If Wannacry cyber attack didn’t make you wannacry, the next one will!

Friday, May 19, 2017
By Paul Martin

By David Haggith
May 18, 2017

The Wannacry malware that hit like a global mega-bomb, showed everyone how vulnerable we are to a global cyber attack. Billed as “one of the largest global ransomware attacks the cyber community has ever seen,” the infection started in London and then emerged almost instantly in Seattle, New York, and Tokyo. Within ten minutes, the coordinated attack became epidemic throughout the world, covering the better part of every continent but Antarctica. By the end of one day, the malware had infected over 200,000 computers in 150 nations, encrypting all their data and locking the users out.

While the attackers demanded a ransom in order to free hostage computers, the small number of companies that paid the ransom required for unlocking the encryption did not get their data back, raising a question of whether the primary goal was really money or mayhem. (If primary goal was making a lot of quick money, it would make more sense to quickly release data so that more companies would be inclined to pay the ransom, seeing that payment solved the problem.)

This was a cyber attack equal in scale to something Dr. Evil would create or some Bond villain would use to collect ransom from the entire world … or to control the world. This time, it didn’t win, but there are some interesting reasons why as you did deeper.

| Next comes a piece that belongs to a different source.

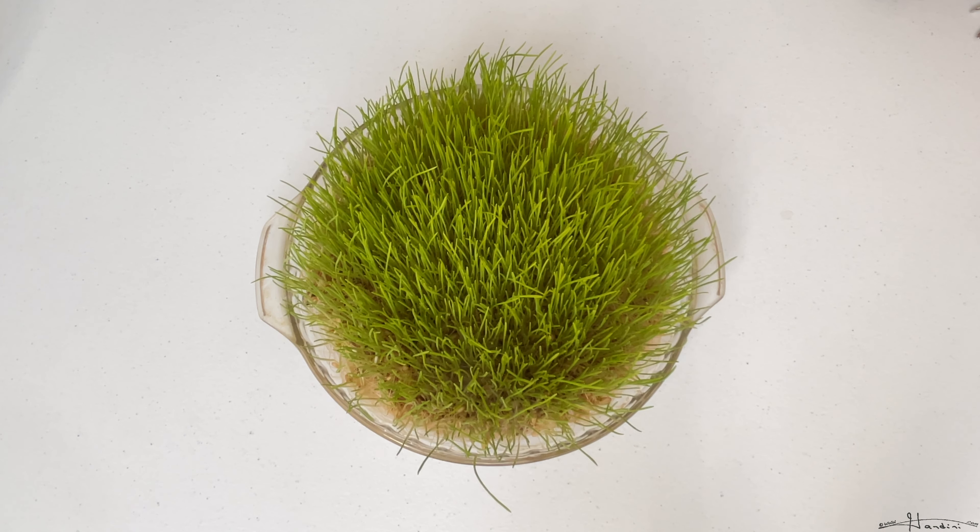My mom planted some wheat, and she would say that these are planted in the Middle East around Christmas time, although my dad says Easter and I kind of remember Easter. It's a Christian Middle Eastern culture to plant these at a certain holiday during the year and just have them as decor, but we used to plant them and then eventually they'd get thrown out versus eating them with the benefits of microgreens.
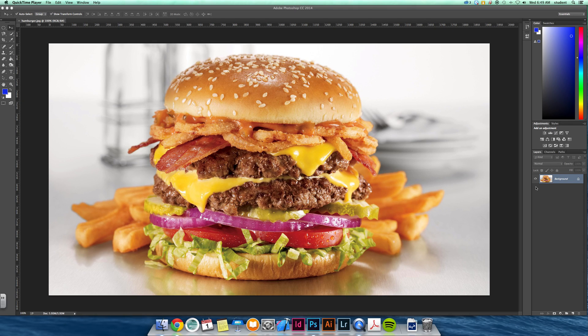The next way you can isolate an object — it gives you a little more control and a better look — is by making layer masks. One thing you want to get in the habit of doing is making copies of your layers so you don't ruin the original.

Top levels of governments ordered emergency meetings to try to quickly understand and stem the spread of this very destructive piece of warware. A solution emerged quickly because an anonymous British researcher discovered the virus was built with a kill switch. With each infection the virus would check to see if a particular website was running and issuing a kill command. If no command, the virus would begin its mission of destruction. The researcher discovered the website, which was dormant, and activated it, slamming the brakes on global destruction. This bought time for people to apply Microsoft’s patch before the attackers could launch a modified version of the virus. Furthermore, the destructive code was only able to infect computers that had not upgraded with the latest Microsoft patch; so damage was hugely mitigated.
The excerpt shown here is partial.